Bambini usati negli attacchi suicidi: è un’escalation, numeri da incubo
Il numero di bambini utilizzati in attacchi suicidi nel conflitto del lago Ciad – che coinvolge Nigeria, Ciad, Niger e Camerun – è aumentato a ventisette nei primi tre mesi del 2017, rispetto ai nove casi nello stesso periodo dell’anno scorso. Lo denuncia il rapporto dell’Unicef pubblicato oggi, Silent Shame: Bringing out the voices of children caught in the Lake Chad crisis che spiega che «dal 2014 ad oggi, sono stati utilizzati 117 bambini per portare a termine attacchi con bombe in luoghi pubblici in Nigeria, Ciad, Niger e Camerun: quattro nel 2014, 56 nel 2015, trenta nel 2016 e ventisette solo nei primi tre mesi del 2017. Nella maggior parte di questi attacchi sono state utilizzate ragazze. Per questo, le ragazze, i ragazzi e anche i bambini vengono visti con maggiore timore presso i mercati e ai checkpoint, in quanto si sospetta che trasportino esplosivo».
Unicef, il rapporto
«Nei primi tre mesi di quest’anno, il numero di bambini utilizzati in attacchi con bombe equivale quasi al numero complessivo dello scorso anno, questo è l’utilizzo peggiore possibile di bambini in un conflitto – ha dichiarato Marie-Pierre Poirier, direttore regionale Unicef per l’Africa Centrale e Occidentale – Questi bambini sono
vittime, non colpevoli. Costringerli o raggirarli per utilizzarli in questo modo è riprovevole». Il rapporto, lanciato tre anni dopo il rapimento di oltre 200 studentesse a Chibok, fornisce racconti preoccupanti di bambini cresciuti in cattività per mano di Boko Haram e su come questi bambini siano guardati con sospetto quando tornano nelle proprie comunità. Nelle interviste, spiega Unicef, «molti bambini che sono stati associati a Boko Haram hanno dichiarato di non parlare con nessuno della loro esperienza perché hanno paura sia di essere stigmatizzati, sia di possibili rappresaglie violente da parte delle loro comunità. Molti di loro sono costretti a sopportare gli orrori subiti in silenzio e si allontanano da altri gruppi per paura di essere banditi o stigmatizzati».
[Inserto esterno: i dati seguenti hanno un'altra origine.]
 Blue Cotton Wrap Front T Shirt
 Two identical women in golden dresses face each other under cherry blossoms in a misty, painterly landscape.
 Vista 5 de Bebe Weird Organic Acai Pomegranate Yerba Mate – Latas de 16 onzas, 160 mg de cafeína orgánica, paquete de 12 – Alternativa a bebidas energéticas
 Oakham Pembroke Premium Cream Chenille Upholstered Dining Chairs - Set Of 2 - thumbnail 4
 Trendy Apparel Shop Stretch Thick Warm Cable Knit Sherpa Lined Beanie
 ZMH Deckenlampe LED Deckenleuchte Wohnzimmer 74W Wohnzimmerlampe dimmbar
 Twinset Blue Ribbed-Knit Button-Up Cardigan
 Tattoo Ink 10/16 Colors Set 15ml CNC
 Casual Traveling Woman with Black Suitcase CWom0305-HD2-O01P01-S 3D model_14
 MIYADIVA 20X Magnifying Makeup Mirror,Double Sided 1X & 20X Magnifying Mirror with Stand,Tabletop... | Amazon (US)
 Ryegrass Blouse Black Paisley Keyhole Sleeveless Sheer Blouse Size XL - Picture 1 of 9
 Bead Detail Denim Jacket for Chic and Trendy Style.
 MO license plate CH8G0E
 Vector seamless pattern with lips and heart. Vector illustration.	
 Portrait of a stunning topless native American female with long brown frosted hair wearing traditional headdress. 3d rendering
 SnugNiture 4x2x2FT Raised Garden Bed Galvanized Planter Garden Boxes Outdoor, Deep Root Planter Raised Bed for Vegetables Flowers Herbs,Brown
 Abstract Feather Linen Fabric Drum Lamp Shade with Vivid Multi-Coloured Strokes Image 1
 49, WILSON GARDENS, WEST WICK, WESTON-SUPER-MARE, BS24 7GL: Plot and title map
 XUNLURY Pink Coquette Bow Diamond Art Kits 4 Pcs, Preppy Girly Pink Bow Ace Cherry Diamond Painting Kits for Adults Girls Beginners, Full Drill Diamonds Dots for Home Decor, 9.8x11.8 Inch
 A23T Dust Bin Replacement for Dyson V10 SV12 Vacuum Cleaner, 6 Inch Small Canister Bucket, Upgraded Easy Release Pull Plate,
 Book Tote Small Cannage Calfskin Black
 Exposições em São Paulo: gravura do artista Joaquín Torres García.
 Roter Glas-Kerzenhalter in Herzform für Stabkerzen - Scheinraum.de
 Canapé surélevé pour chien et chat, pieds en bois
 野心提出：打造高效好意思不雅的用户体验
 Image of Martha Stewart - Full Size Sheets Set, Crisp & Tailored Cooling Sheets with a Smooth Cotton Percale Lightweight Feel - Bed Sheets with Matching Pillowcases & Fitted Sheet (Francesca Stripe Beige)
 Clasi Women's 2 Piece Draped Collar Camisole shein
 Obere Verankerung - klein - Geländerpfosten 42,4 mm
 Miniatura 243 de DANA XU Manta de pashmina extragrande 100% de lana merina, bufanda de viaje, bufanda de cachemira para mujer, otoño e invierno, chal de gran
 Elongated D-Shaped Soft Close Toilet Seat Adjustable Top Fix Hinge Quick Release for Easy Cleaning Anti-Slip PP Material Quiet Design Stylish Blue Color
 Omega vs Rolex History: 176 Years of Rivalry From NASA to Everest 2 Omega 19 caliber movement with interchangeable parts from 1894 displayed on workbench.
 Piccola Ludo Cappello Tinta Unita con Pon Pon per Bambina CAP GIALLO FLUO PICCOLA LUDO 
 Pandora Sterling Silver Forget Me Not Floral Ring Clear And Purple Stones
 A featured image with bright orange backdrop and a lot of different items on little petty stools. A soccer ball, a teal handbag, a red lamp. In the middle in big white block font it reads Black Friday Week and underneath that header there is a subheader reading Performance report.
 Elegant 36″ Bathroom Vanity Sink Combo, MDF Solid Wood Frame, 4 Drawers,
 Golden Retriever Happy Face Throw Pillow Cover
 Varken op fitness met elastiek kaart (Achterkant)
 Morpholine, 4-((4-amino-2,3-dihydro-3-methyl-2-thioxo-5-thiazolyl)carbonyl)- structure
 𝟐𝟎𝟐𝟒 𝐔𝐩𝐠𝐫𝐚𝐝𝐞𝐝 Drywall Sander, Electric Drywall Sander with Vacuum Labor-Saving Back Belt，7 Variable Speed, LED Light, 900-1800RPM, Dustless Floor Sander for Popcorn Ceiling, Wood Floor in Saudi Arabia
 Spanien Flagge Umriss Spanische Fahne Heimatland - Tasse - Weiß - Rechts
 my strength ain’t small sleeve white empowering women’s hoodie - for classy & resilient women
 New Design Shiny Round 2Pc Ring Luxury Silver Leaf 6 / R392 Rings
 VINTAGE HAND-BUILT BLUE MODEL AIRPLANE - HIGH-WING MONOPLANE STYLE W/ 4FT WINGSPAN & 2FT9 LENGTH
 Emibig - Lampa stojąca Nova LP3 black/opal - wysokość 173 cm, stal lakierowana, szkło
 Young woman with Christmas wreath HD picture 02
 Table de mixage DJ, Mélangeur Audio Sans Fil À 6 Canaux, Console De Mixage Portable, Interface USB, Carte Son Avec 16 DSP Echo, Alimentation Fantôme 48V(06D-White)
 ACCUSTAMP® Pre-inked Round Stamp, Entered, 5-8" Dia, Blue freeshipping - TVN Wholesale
1500 bambini presi in custodia
Il rapporto, inoltre, ragguaglia ancora Unicef, sottolinea le «sfide che le autorità locali devono affrontare con i bambini che sono stati fermati ai checkpoint e presi in custodia amministrativa per fare loro domande e controlli, facendo crescere la preoccupazione sui prolungati periodi di custodia. Nel 2016, circa 1.500 bambini sono stati in
custodia amministrativa in Nigeria, Ciad, Niger e Camerun. Il rilascio di oltre 200 bambini dalle autorità nigeriane, il 10 aprile, rappresenta un passo positivo per la protezione dei bambini colpiti dalla crisi in corso».